Scoot the average inflation rate up to 4%, and you will find that it takes 18 years to slice the value of your dollars in two.
And if the rate of inflation were to average 6%, you can say goodbye to half your dollars’ buying power in only 12 years.
How much inflation can (or should) you tolerate? If you are a working stiff, or you owe money, you should be able to get by with 6% inflation. Workers will likely garner enough cost-of-living raises to compensate for the upward march in prices. Debtors, of course, will be paying back their loans with cheaper dollars.
On the other hand, if you’re a retiree, a saver or a creditor, you would opt for 2% inflation or less. In other words, you would want your money to retain as much of its purchasing power as possible.
You would be in good company. Policy makers at the Federal Reserve generally prefer an inflation rate of 2% because it’s low enough so that people don’t pay much attention to it, yet high enough to keep deflation at bay, as I will elaborate below.
Congress would probably agree with a 2% inflation target — unless it results in too high an unemployment rate. However, some conservative pols would like to achieve the lowest inflation rate possible, even at the cost of higher unemployment. Both sides will see how these themes work out during the next elections.

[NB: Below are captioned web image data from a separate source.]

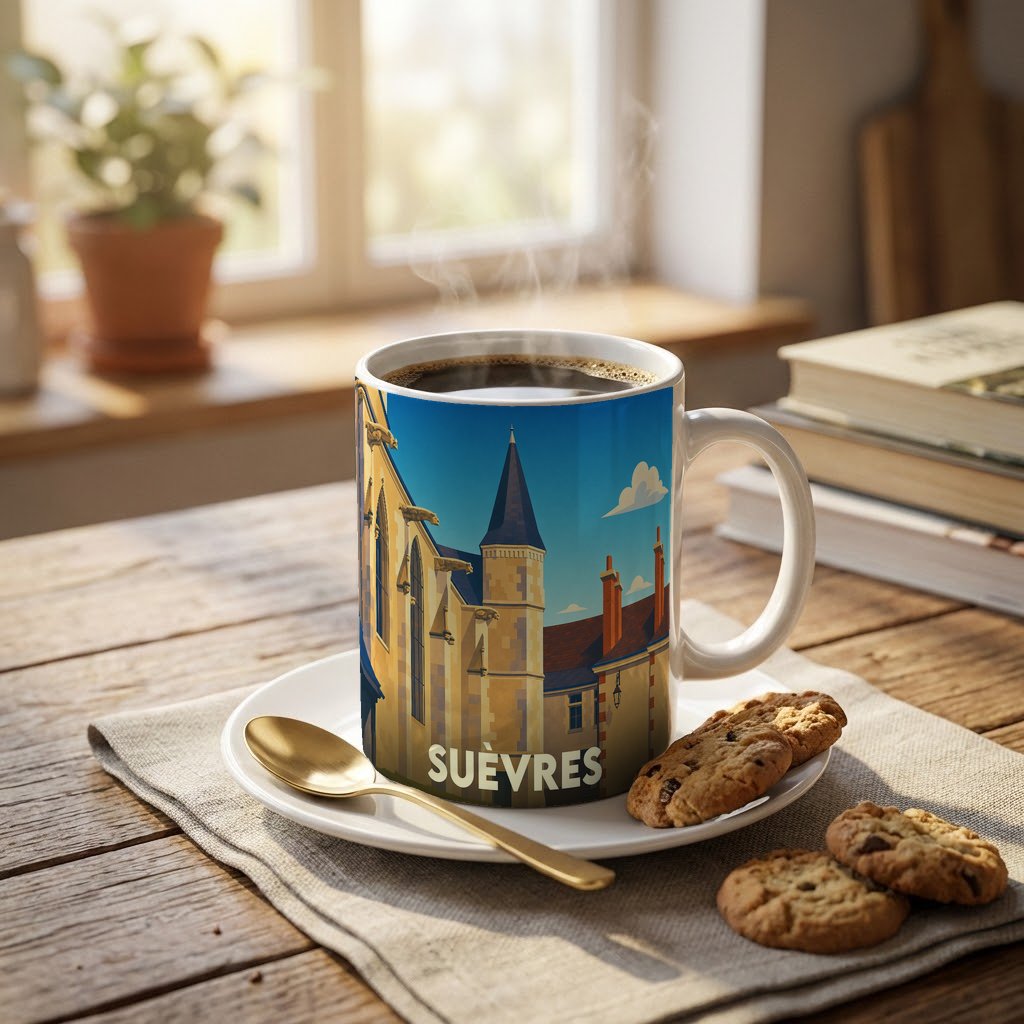 Mug souvenir de la ville de Suèvres illustré d'un décor architectural stylisé.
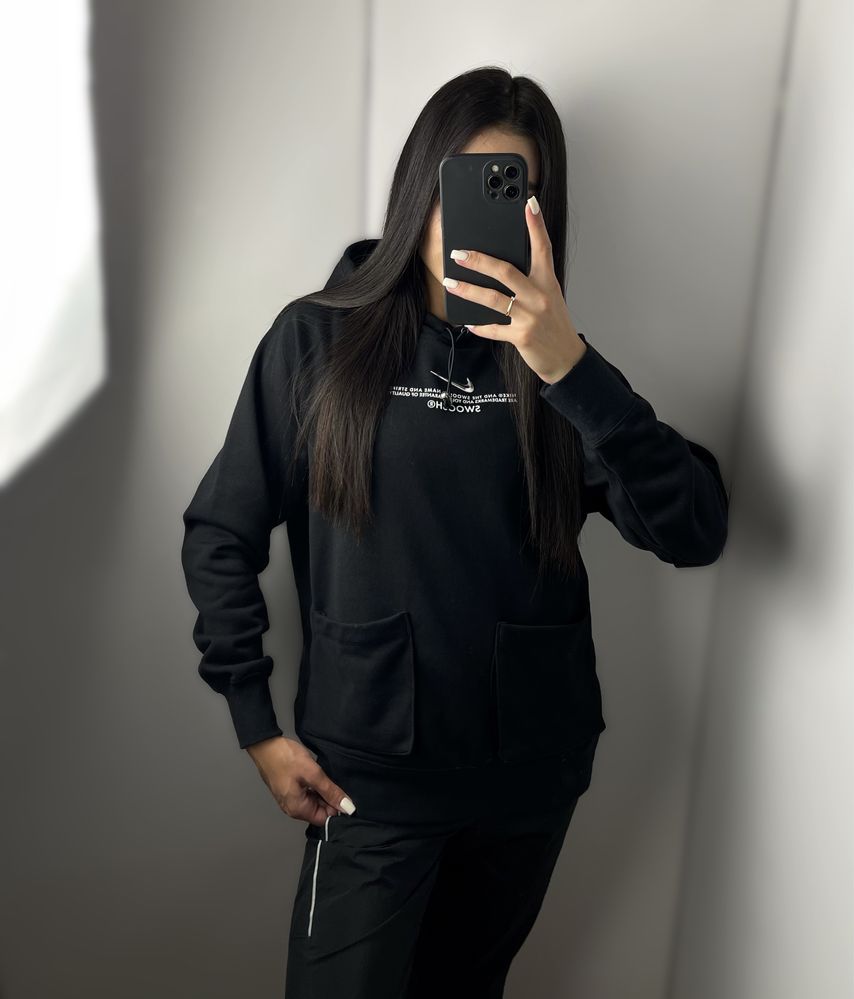 Жіноче худі nike swoosh чорне найк свуш оригінал кофта толстовка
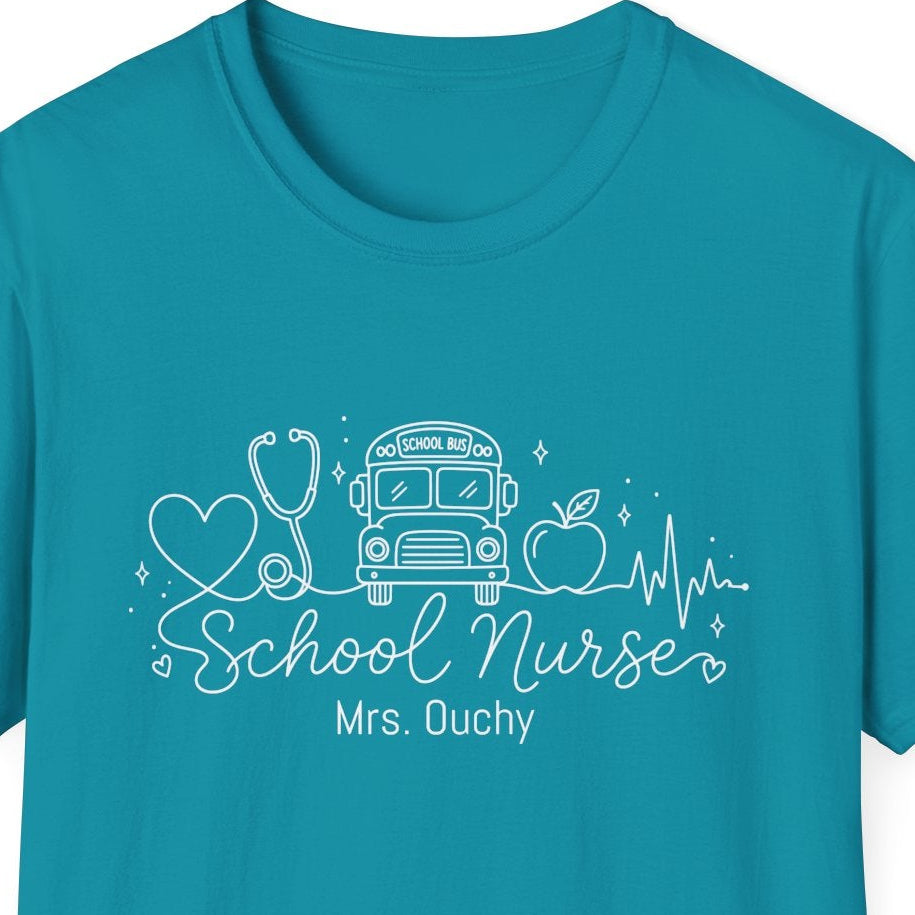 Blue t-shirt with white school nurse line drawn sketch graphic and nurse name on a white background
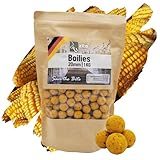 Zite Fishing Boilies 20mm für Karpfen-Angeln - Süßer Mais Aroma - Starke Lockwirkung & Wohldosierte Aminosäuren - 1kg Angelköder Sinkend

Two-percent inflation is about as low as you can go without risking throwing the economy into reverse. On the other hand, some pundits believe that the Fed actually prefers more than 2% inflation because it gives them room to ease. This displays a lack of knowledge about how policy really works.
As I have observed in previous columns, monetary policy is better at restraint than it is at stimulus. The best analogy is that you can pull on a string but you can’t push on it. If the economy needs ease, fiscal policy is the tool you would use. It’s easier to cut taxes and to raise spending, which is what constitutes fiscal ease, than the reverse.
Right now, policy makers both here and abroad seem to think that the ideal inflation rate is 2%. Since the current rate of inflation here in the U.S. is less than this figure, it stands to reason that the Fed is unlikely to raise interest rates anytime soon. To do so would risk slowing inflation to the point where deflation becomes a real possibility.
In case you forgot, under deflation prices fall and the dollar actually gains in value. That said, after all the years we’ve experienced inflation, maybe falling prices might not be so bad after all.